An agent that excels here demonstrates:

  • Meta-creativity: Ability to understand what makes something "good" and create accordingly
  • Research skills: Effective use of web tools to inform decisions
  • Domain expertise: Game design knowledge (or ability to acquire it)
  • Quality consciousness: Understanding of what "production-ready" means
  • Holistic thinking: Balancing gameplay, aesthetics, performance, and accessibility
  • Polish and craft: Attention to details that make experiences delightful

This is fundamentally different from other use cases:

  • vs. Research Scraper: Pure creativity instead of complex architecture
  • vs. Text Playground: Game design instead of education
  • vs.

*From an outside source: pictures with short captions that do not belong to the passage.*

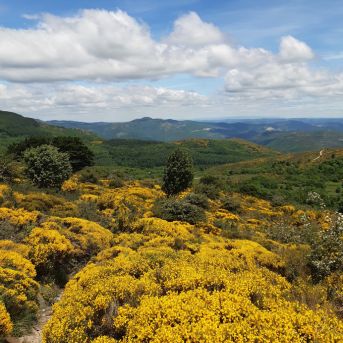 Guide sur Les outils de protection du patrimoine naturel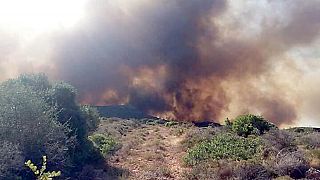 Σε ύφεση η πυρκαγιά στην Ελαφόνησο-Κίνδυνος και τη Δευτέρα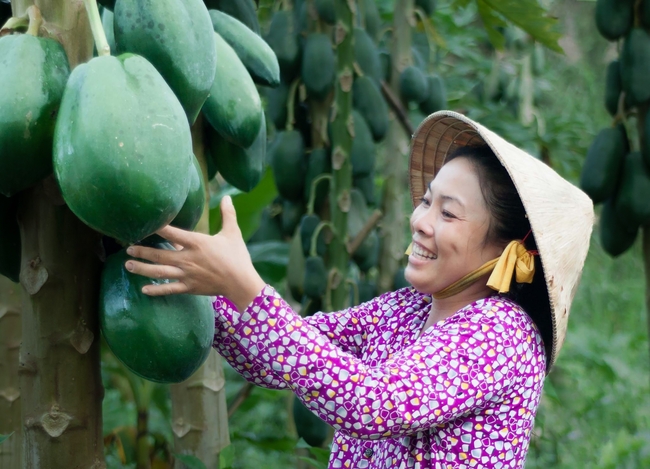 农村妇女摘木瓜图片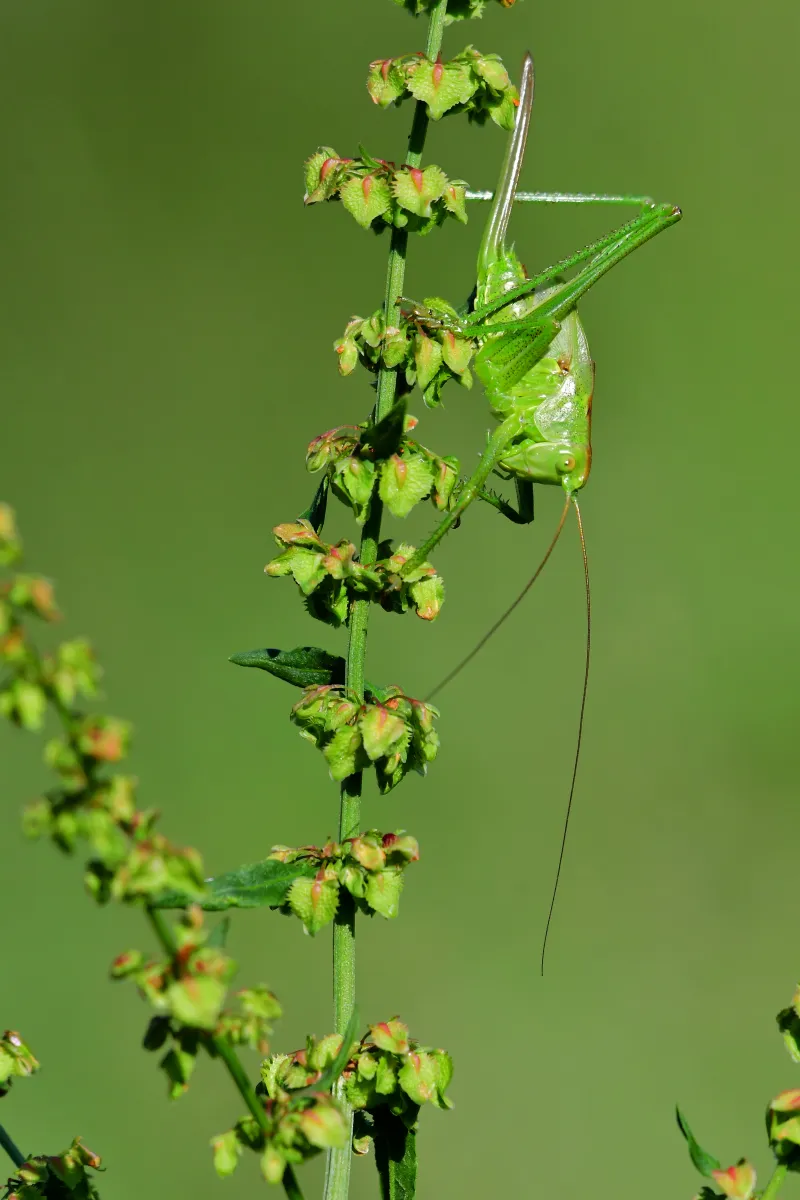 Sauterelle ou criquet dans les hautes herbes — photographie d’Yvon JACQUES
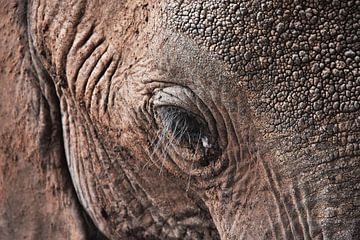 Close-up olifant van Esther van der Linden
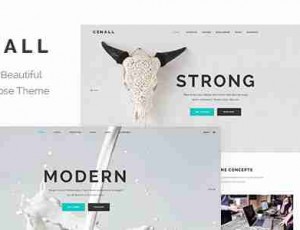 Conall v1.2.1用途WordPress主题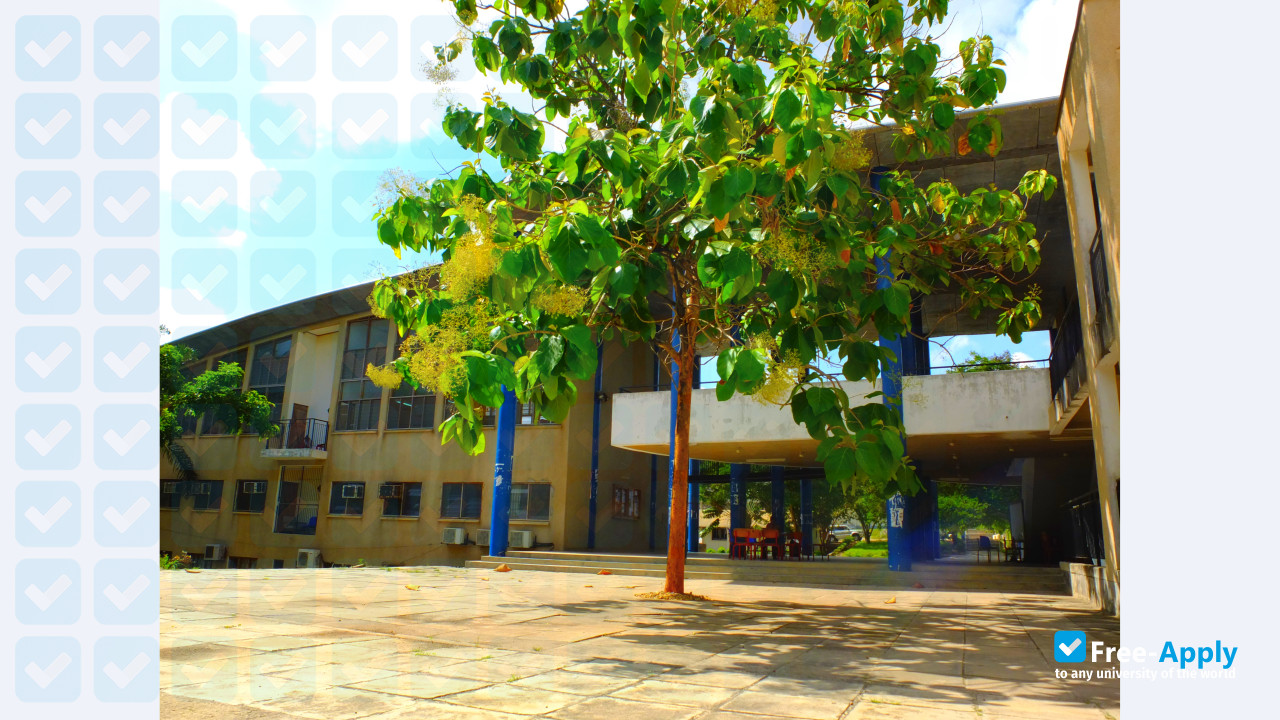 Ardhi University photo #3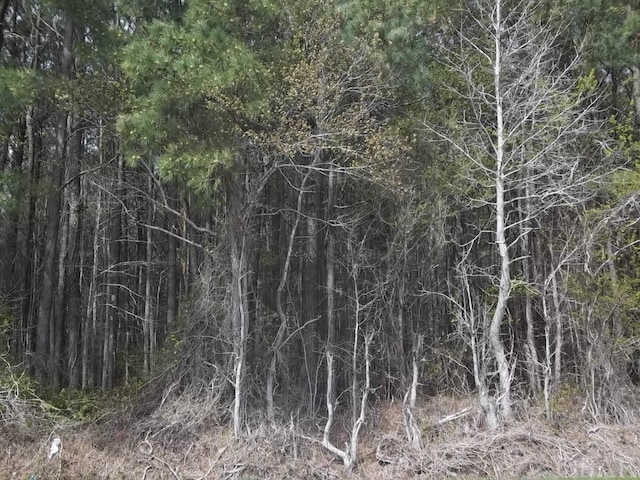 TBD Griffin Swamp Rd Lot # 2, Elizabeth City NC, 27909 land for sale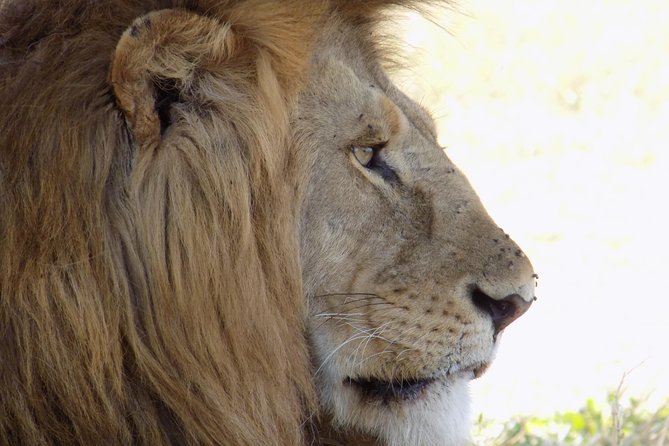 6 Days Tanzania Wildlife Safari Tour - Price and value: what you get for $2,500 per person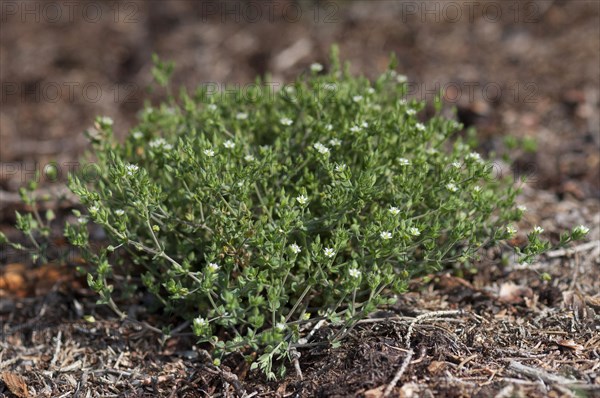 Quendel sandwort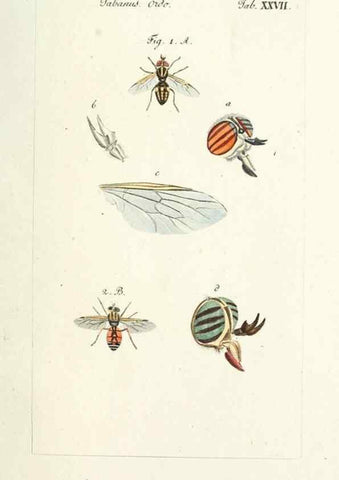 Reproducción/Reproduction 49580388617: Genres des mouches diptères représentés en XLII. planches projettées et dessinées. Zuric, Orell :Fueslie et compagnie,1803..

Image Generation: Originality instead of ML knowledge

Evaluation Focus

When reviewing implementations, pay attention to:

Game Design

  • Is the core mechanic truly novel and not derivative?
  • Is it immediately understandable?
  • Does it create a compelling "one more game" feeling?
  • Is there strategic depth despite simple rules?
  • Is the losing condition fair and well-designed?
  • Does difficulty scale appropriately?

Procedural Generation

  • Are generated levels varied and interesting?
  • Is the generation algorithm elegant?
  • Are all generated levels playable/fair?
  • Is generation performant?
  • Does the algorithm prevent repetitive patterns?

Research & Justification

  • Did the agent research game design principles?
  • Are design decisions explained and justified?
  • Does the game reflect best practices from research?
  • Is there evidence of studying what makes games engaging?

Technical Implementation

  • Is the code clean and well-structured?
  • Does it work across all major browsers?
  • Is it responsive on mobile devices?
  • Are controls intuitive on both touch and mouse/keyboard?
  • Is performance smooth on all devices?

Testing

  • Is there comprehensive test coverage?
  • Do tests actually catch issues?
  • Is Playwright MCP used effectively for browser testing?
  • Are edge cases handled?
  • Is the testing approach systematic?

Polish & Presentation

  • Does it look professional and polished?
  • Are animations smooth and satisfying?
  • Is visual feedback clear and helpful?
  • Is the UI minimalistic yet engaging?
  • Are there delightful micro-interactions?
  • Is accessibility considered?

Production Readiness

  • Could this be deployed immediately?
  • Is error handling robust?
  • Is the build process clean?
  • Is documentation complete?
  • Would users trust this as a real product?

Technical Constraints

  • Modern web technologies (agent's choice of framework/stack)
  • Cross-browser compatibility (Chrome, Firefox, Safari, Edge)
  • Responsive design (mobile, tablet, desktop)
  • Playwright MCP tools for browser automation testing
  • Client-side gameplay (no server required for core game)
  • Sound-optional (must be playable without audio)

Starting Point

The _base folder contains:

  • Complete task specification in prompt.md
  • No boilerplate code (agent has full creative freedom)

This is intentionally minimal to give the agent maximum flexibility to research, design, and implement a truly novel puzzle game.

Copy _base to your test folder and let your agent work from the prompt.md specification.